The first question is reasonably well resolved - not to everybody's satisfaction, to be sure, but at least Americans and Europeans are generally going down parallel tracks. With respect to the second question, on the other hand, American and European differences could scarcely be greater, despite the efforts made at the Versailles summit to paper them over. Nor are there very clear answers as to who is right and who is wrong.
The Soviet Union is facing an economic crisis of considerable and growing magnitude. Its agriculture is a mess and getting worse. In little more than a decade, it has moved from importing grain only after an exceptional year of bad harvests to importing it routinely, and furthermore to the tune of more than $3 billion annually from the US alone.
Repeated shortfalls on this scale cannot all be laid to the weather. The causes are more profound and have to do with technology and organization. Correcting them will require massive amounts of scarce capital, among other things.
The failures of Soviet industry are less spectacular, but Soviet factories also have their problems of efficiency, investment, and bureaucratization.
Add to this the economic strain represented by sundry foreign misadventures - Afghanistan, Cuba, Poland, among others. The Soviets brought Afghanistan on themselves in a burst of bad judgment. They were ensnared more gradually in Cuba and Poland. But in any event, these and other foreign commitments are expensive and, in the short run anyway, apparently unavoidable.
Now again, add to this the staggering cost of the Soviet military establishment. One wonders how the Soviets are going to manage to do everything that urgently needs to be done. The story of an American visitor to Moscow is illuminating. After a few days of trying to cope with the humdrum details of simply living, he asked in frustration, ''Why should we worry about these people blowing us up when they can't even serve lunch?'' The answer he got from an American resident was, ''The reason they can't serve lunch is that too many of them are working on how to blow us up.''
It can be argued that the worse the Soviet economy gets, the less able it will be to support the Soviet military establishment. It follows that East-West trade ought to be limited. On the other hand, it can equally well be argued that growing trade is good for everybody and that, unless Europeans and Americans are a collection of dunces, they will benefit from such trade as much as the Soviets. It follows that increased interdependence makes war or military confrontation less likely.
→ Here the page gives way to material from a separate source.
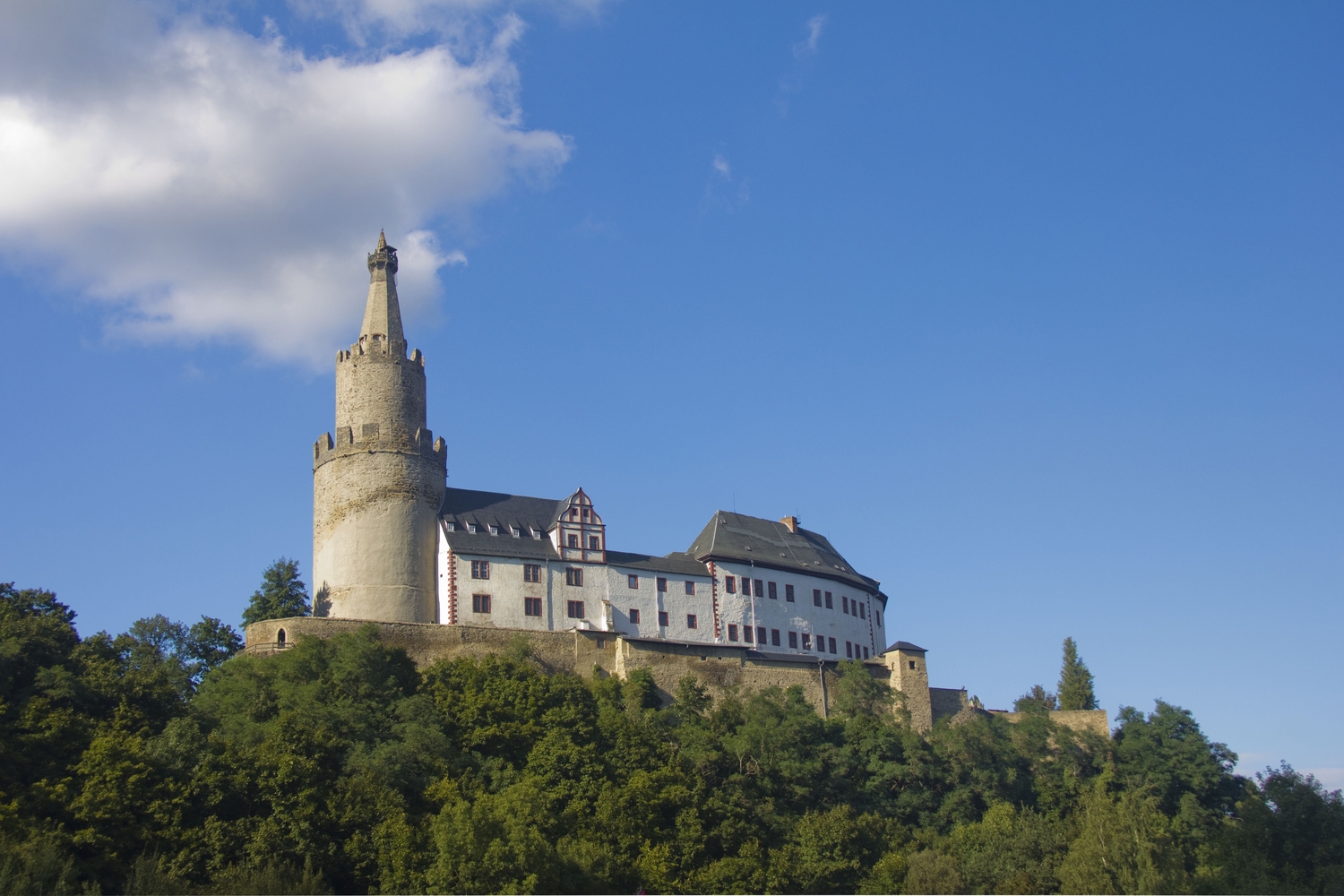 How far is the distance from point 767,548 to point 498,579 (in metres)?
16.8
This whole question of dependence or interdependence is a tricky one. The Reagan administration has opposed European participation in building a natural gas pipeline from Siberia to Western Europe on the grounds that this will make the Europeans dependent on the Soviet Union for too large a proportion of their energy. The alternative, however, is to be dependent on the Arabs. Further, it could be argued that the pipeline will not make the Europeans any more dependent on Soviet gas than it will make the Soviets dependent on the hard currency that sales of that gas will earn.
All the while the Reagan administration is making these arguments (and denying American companies the export licenses to participate in the pipeline), it apparently sees no inconsistency in its huge sales of grain to the Soviets. Without earning hard currency through selling natural gas, or something, to the West, how are the Soviets going to pay for this American grain? It could be argued, of course, that these sales are making the Soviets dependent on the US for a large proportion of their food. When President Carter embargoed grain sales in response to the Soviet invasion of Afghanistan, the Soviets were able to buy the grain elsewhere. But if they are not strictly dependent on the US, they are dependent on the West.
Although US and European differences over trade with the Soviet Union tend to be stated in strategic or even ideological terms, it is hard to escape the conclusion that they are rooted in narrow economic and political self-interest. The Americans see nothing wrong in selling wheat. It is a big plus in the balance of payments, and it helps the administration with the farm vote. The Europeans see nothing wrong with financing the pipeline and selling the material and machinery to build it. This is very welcome business for the bankers, industrialists, and workers of France and the Federal Republic of Germany.
The Reagan administration, typically, is a shade more ideological in its approach. It has turned down requests for export licenses from hard-pressed industries, even foreign ones using American technology under license. And it has done so at the cost of offending the Republican leader of the House and the Republican chairman of the Senate Foriegn Relations Committee, not to mention the European allies.
However, in the present state of these non-policies in both Europe and the US , each tends to cancel the other so that each loses whatever effectiveness it might otherwise have had. One can make a reasonable argument for either, but not for both.